- [SOURCE RECORDS]:

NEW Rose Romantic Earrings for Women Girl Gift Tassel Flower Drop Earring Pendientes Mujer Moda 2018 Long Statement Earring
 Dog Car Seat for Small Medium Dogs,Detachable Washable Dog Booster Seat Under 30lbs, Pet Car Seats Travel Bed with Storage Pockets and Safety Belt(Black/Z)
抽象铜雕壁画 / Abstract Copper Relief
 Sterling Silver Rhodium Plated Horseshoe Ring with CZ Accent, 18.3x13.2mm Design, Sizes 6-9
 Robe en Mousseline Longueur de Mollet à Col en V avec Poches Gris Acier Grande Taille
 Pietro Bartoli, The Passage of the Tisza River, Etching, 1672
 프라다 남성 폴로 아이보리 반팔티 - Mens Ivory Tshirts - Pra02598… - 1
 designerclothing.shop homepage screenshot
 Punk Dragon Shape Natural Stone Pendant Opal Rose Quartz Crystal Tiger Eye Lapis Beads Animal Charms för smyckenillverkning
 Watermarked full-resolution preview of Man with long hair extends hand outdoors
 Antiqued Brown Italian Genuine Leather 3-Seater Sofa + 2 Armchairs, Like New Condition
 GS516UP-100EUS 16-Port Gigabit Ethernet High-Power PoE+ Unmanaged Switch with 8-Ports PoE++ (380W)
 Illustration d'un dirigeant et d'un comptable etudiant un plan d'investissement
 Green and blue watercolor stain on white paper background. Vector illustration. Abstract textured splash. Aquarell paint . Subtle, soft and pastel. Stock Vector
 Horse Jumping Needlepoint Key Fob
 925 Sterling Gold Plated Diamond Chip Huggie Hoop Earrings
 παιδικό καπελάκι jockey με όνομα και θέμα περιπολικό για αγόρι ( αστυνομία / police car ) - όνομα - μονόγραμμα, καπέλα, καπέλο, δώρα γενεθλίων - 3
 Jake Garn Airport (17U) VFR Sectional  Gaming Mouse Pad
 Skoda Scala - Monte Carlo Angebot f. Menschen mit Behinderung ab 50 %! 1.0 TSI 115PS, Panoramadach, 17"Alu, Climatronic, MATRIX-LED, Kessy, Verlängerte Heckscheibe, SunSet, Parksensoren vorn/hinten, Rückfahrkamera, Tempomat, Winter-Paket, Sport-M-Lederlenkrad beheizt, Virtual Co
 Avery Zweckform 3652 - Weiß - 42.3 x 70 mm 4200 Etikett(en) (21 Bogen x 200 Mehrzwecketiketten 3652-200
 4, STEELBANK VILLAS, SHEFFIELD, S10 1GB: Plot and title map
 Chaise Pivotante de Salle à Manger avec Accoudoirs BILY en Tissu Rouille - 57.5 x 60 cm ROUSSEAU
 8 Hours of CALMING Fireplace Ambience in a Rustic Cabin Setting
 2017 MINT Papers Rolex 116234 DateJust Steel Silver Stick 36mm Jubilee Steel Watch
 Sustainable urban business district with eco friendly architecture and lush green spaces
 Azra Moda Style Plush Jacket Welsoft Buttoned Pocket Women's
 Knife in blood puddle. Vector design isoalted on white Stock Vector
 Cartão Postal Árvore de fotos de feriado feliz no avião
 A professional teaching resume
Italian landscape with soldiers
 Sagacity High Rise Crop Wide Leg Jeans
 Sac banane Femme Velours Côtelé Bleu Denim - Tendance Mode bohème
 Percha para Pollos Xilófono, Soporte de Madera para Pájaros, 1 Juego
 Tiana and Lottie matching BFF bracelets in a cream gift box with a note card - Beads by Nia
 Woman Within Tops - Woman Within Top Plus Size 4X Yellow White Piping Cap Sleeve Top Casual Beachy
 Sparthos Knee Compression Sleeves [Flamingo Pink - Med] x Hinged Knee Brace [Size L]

- [WORK ITEM]:
In the entries above, restate word for word the lines between the one holding "Watermarked full-resolution preview" and the one holding "GS516UP-100EUS 16-Port Gigabit", inclusive, and nothing besides.

- [EXERCISE SOLUTION]:
 Watermarked full-resolution preview of Man with long hair extends hand outdoors
 Antiqued Brown Italian Genuine Leather 3-Seater Sofa + 2 Armchairs, Like New Condition
 GS516UP-100EUS 16-Port Gigabit Ethernet High-Power PoE+ Unmanaged Switch with 8-Ports PoE++ (380W)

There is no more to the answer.